[Assigned task]: Print the listing in full, exactly as it stands.

══ Available data ══

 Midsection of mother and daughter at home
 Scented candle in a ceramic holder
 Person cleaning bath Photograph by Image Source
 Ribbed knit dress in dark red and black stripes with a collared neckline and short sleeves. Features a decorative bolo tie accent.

═══

[Solution for this task]:
 Midsection of mother and daughter at home
 Scented candle in a ceramic holder
 Person cleaning bath Photograph by Image Source
 Ribbed knit dress in dark red and black stripes with a collared neckline and short sleeves. Features a decorative bolo tie accent.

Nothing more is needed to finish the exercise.